AttentionRetriever: Attention Layers are Secretly Long Document Retrievers

AttentionRetriever: Attention Layers are Secretly Long Document Retrievers
Notice: This research summary and analysis were automatically generated using AI technology. For absolute accuracy, please refer to the [Original Paper Viewer] below or the Original ArXiv Source.

Retrieval augmented generation (RAG) has been widely adopted to help Large Language Models (LLMs) to process tasks involving long documents. However, existing retrieval models are not designed for long document retrieval and fail to address several key challenges of long document retrieval, including context-awareness, causal dependence, and scope of retrieval. In this paper, we proposed AttentionRetriever, a novel long document retrieval model that leverages attention mechanism and entity-based retrieval to build context-aware embeddings for long document and determine the scope of retrieval. With extensive experiments, we found AttentionRetriever is able to outperform existing retrieval models on long document retrieval datasets by a large margin while remaining as efficient as dense retrieval models.


💡 Research Summary

Paper Overview
The paper introduces AttentionRetriever, a novel long‑document retrieval model that exploits the attention mechanism of pretrained large language models (LLMs) to score relevance without any additional training. By treating cross‑attention scores between a query and document tokens as similarity measures, the method obtains sentence‑level relevance estimates directly from selected transformer layers. To overcome the “query‑dependency” problem—where background sentences that are not directly similar to the query are missed—the authors augment the attention scores with an entity‑based retrieval step. They construct a lightweight entity graph linking each entity to the sentences that mention it, rank entities according to their association with the query, and then include all sentences containing top‑ranked entities in the final retrieved set.

Key Technical Contributions

  1. Training‑Free Use of Attention – Empirical analysis on LLaMA‑3.2‑3B, Qwen‑2.5‑3B, and Mistral‑7B shows that certain middle‑to‑late layers achieve high retrieval accuracy, while earlier layers focus on independent sub‑queries. The authors therefore select the most informative layers and aggregate their cross‑attention scores across heads to produce a robust relevance signal.

  2. Entity‑Graph Scope Determination – Recognizing that pure attention may ignore necessary background information, the paper builds an entity graph (entities as nodes, sentences as edges) and ranks entities by the summed scores of their containing sentences. This step expands the retrieval scope to include contextually important but low‑similarity passages.

  3. Hybrid Scoring – Attention‑derived scores are combined with a conventional dense embedding similarity (e.g., ANCE) to further improve precision, especially for queries where lexical overlap is limited.

  4. Scalable Long‑Context Handling – The method integrates the Cascading KV‑Cache approximation, allowing attention to be computed over documents of ~100 k tokens with modest memory and time overhead. Experiments demonstrate that attention remains effective in the middle of long texts, mitigating the classic “lost‑in‑the‑middle” issue.

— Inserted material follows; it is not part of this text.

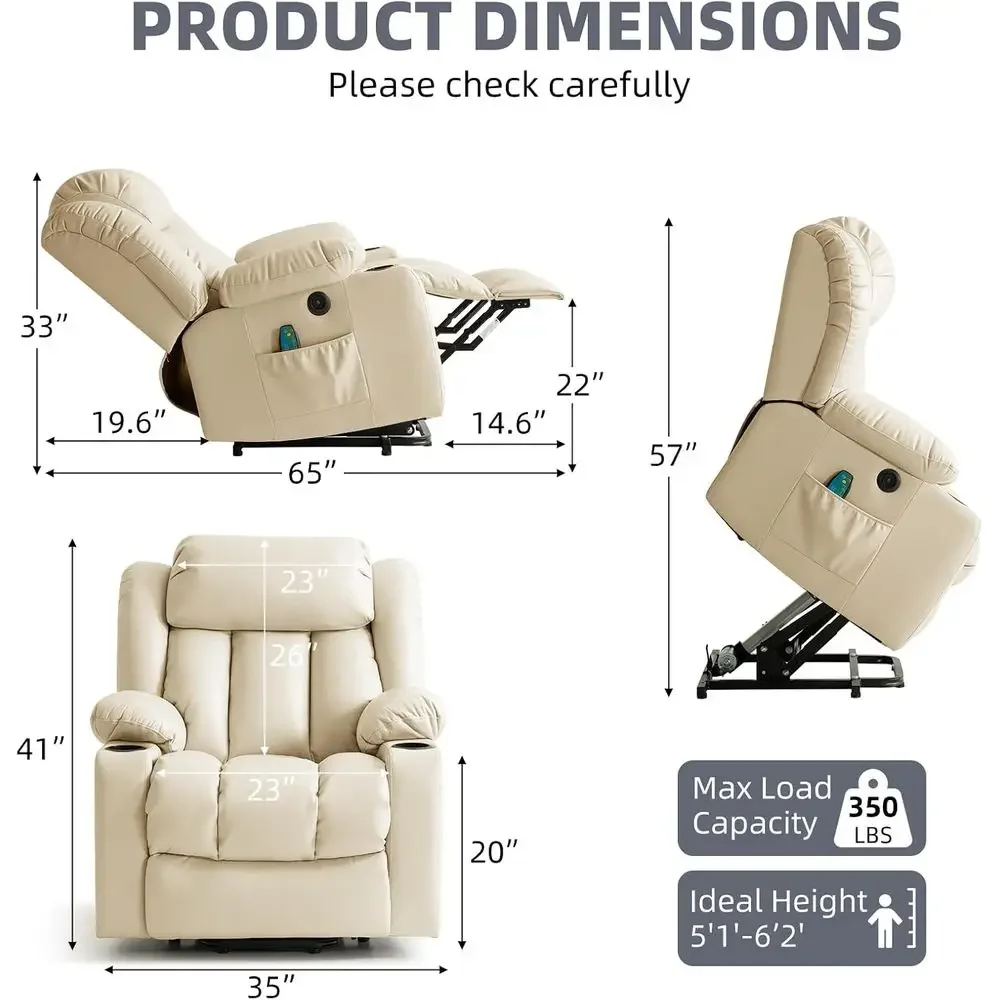 Power Lit Recliner Chair or Elderly, Electric Recliner Chairs or Adults with Massage and Heat, Cup Holders, Remote Control, USB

  5. New Benchmark – The authors release a LongDoc dataset containing documents averaging over 100 k words, together with diverse query types. This dataset is the first to exceed the context window of most existing LLMs, providing a realistic testbed for long‑document retrieval.

Experimental Findings

  • On the new LongDoc benchmark and six additional single‑document retrieval datasets, AttentionRetriever outperforms state‑of‑the‑art sparse (BM25) and dense (DPR, ANCE, GTR, mGTE, Grit‑LM) models by 10–15 percentage points in MAP@10 and Recall@100.
  • The approach remains as efficient as dense retrieval: using a 3 B‑parameter LLM, inference speed is 2–3× faster than comparable 7–10 B dense models while delivering comparable or superior accuracy.
  • In multi‑document retrieval settings, where contextual linking is less critical, AttentionRetriever still matches or exceeds baseline performance, confirming its versatility.

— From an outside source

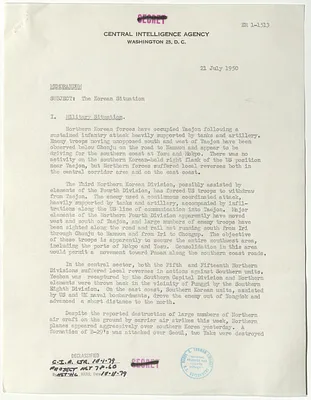 Memorandum from R. H. Hillenkoetter, Korean Situation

Limitations and Future Directions

  • The optimal set of transformer layers is model‑specific; an automated layer‑selection mechanism would improve generality.
  • Entity graph construction relies on the quality of named‑entity recognition; errors can propagate to the final retrieval set.
  • Current design handles single query‑document pairs; extending to complex multi‑condition queries or logical operators will require additional modeling.
  • Further research could explore learned weighting of attention layers, richer entity‑relation graphs, or integration with other attention‑approximation techniques for real‑time deployment.

Conclusion
AttentionRetriever demonstrates that the attention maps of pretrained LLMs, when combined with a simple entity‑graph scope estimator, can serve as an effective, training‑free long‑document retriever. It addresses contextual, causal, and query dependencies that existing retrieval models overlook, achieves strong empirical gains on a newly introduced ultra‑long document benchmark, and does so with modest computational resources. The work opens a promising avenue for leveraging the latent retrieval capabilities already present in large language models.